(((Serenity))),
Actually, I fully expected to be "piled on" after such a cynical assessment. But the numbers - or lack thereof - are there as is the undercurrent of hoping against hope that underscores almost every sitch.

And if DBing is about making changes for yourself, to yourself, and on yourself, well that is all admirable and healthy but perhaps it needs another name.

I, myself, learned much and grew in many ways. I do believe that, while unsuccessful, my initial approach and mantra that "my dear friend is very confused and in a tremendous amount of pain," served me well, if not my sitch.

I did not deserve to be suddenly and inexplicably left. Nor strung along with a months-long "temporary-respite-I'll-be-back" charade.

I did not deserve to have vows, promises, and commitments broken nor to have plans and a future stolen.

And after months of anguishing over what else I could have possibly done, I have come to the simple acknowledgment of this truth: While not perfect, I was a good, selfless companion, friend, partner, lover, housemate, husband, helpmate, playmate, and stepfather.

And I was discarded.

I am fine now. With me. With my peace of mind. With my faith. And my hope.
I. Will. Be. Fine.

As john210 so eloquently said, "Gardener, I am like you...this was my real first broken heart in 47 years....but like I have repeated elsewhere, I will be damned if I let one person (regardless of who the real SHE was or is) affect me one more day....They should be the ones regretting their actions NOT US!"

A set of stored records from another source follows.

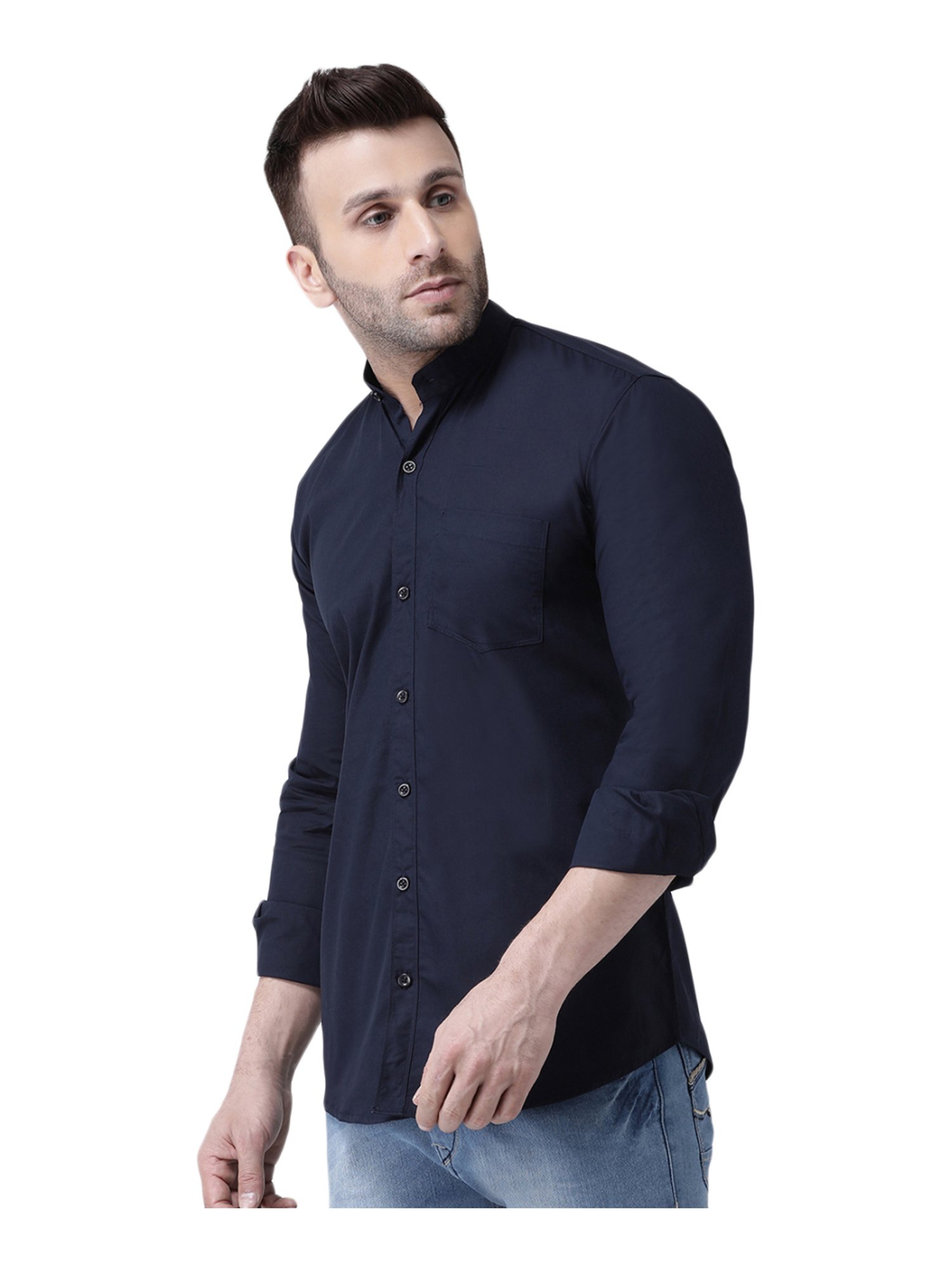 Hang Up Navy Cotton Slim Fit Shirt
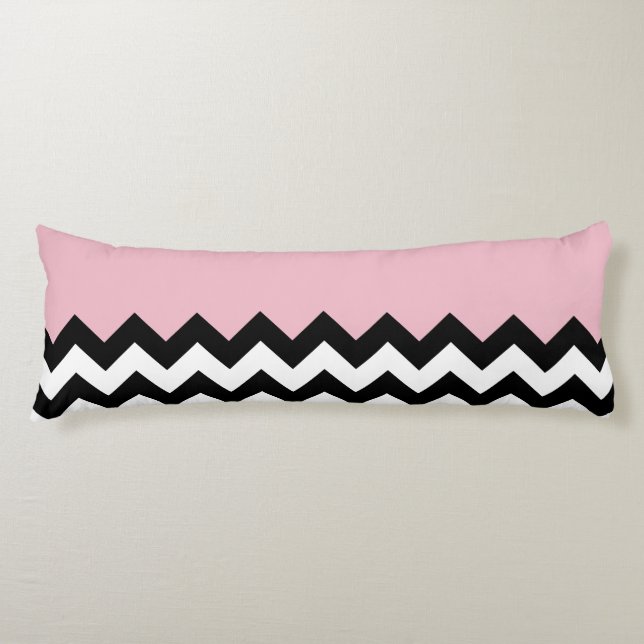 Schwarz-Weiß-Zigzag-Muster, Zickzack, rosa Seitenschläferkissen (Vorderseite)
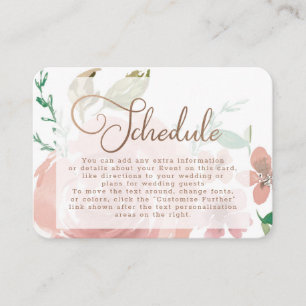 Tarjeta De Recepción Atractivo Calendario de Boda Rosa Vintage Polvorie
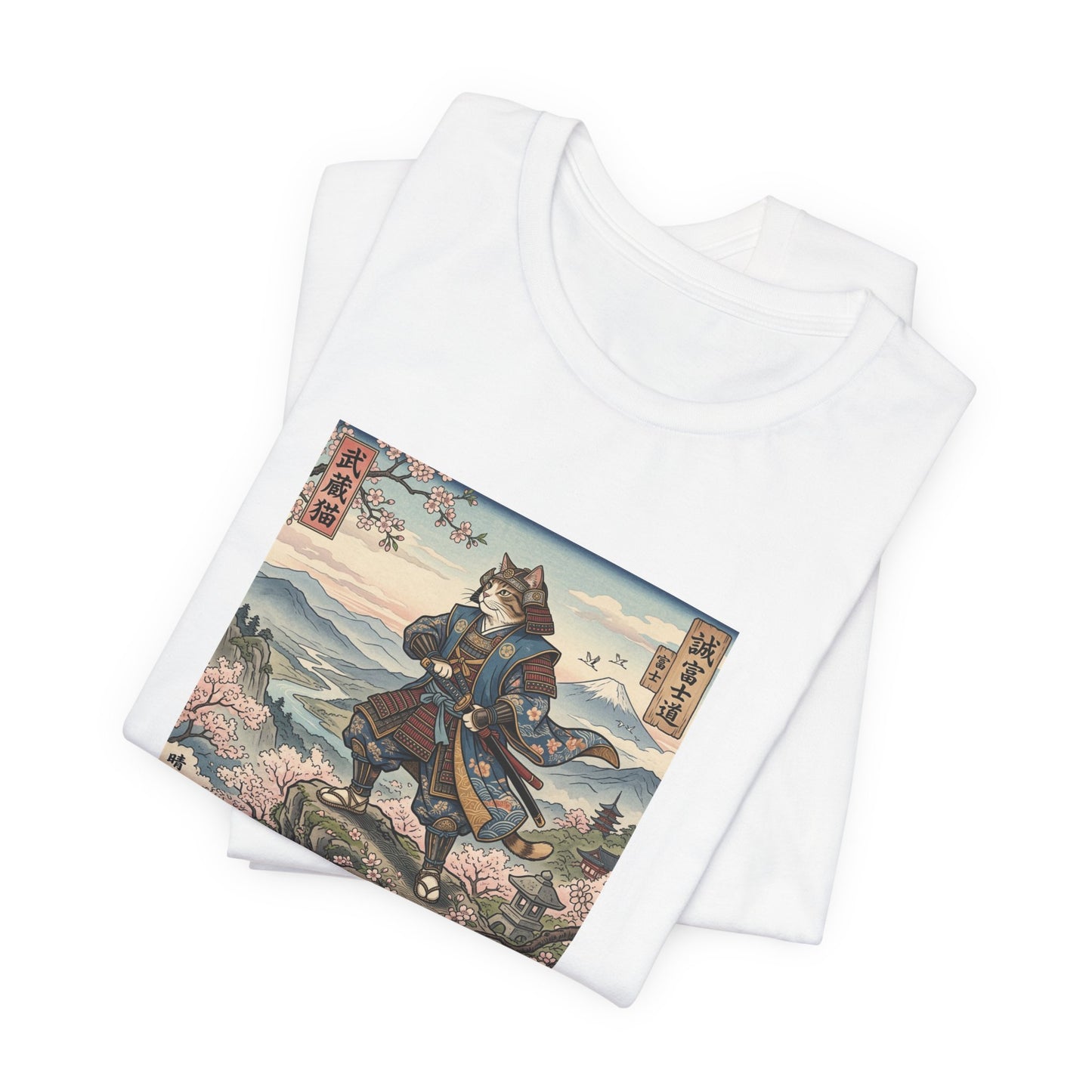 Samurai Cat Graphic Tee — Japanese Ukiyo-e Inspired Anime T-Shirt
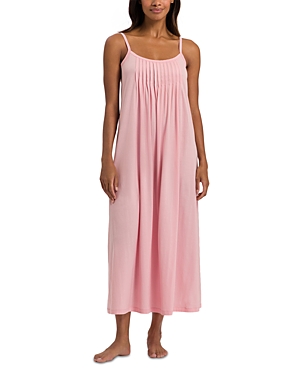 Shop Hanro Juliet Pleated Long Spaghetti Gown In Coral Pink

As you all know, I so look forward to shedding myself of this house - the last vestige of that previous life, of being betrayed by the one person who would I would have gone to my grave believing would never do such a thing.
But as author Susan Elliott says in Getting Past your Breakup,

"But above all else: forget this person you fell in love with.
They are never coming back.
The person who LEFT YOU is more in line with who this person REALLY is than the person you fell in love with."

And then I will write my next chapter. Without the rubbish and with what I want. Alone.

And in the final analysis, when I speak of all that I learned over these many months here at DB, it is in essence what I learned
from all of you! We are this board.


Gardener

"My soul, be satisfied with flowers,
With fruit, with weeds even; but gather them
In the one garden you may call your own."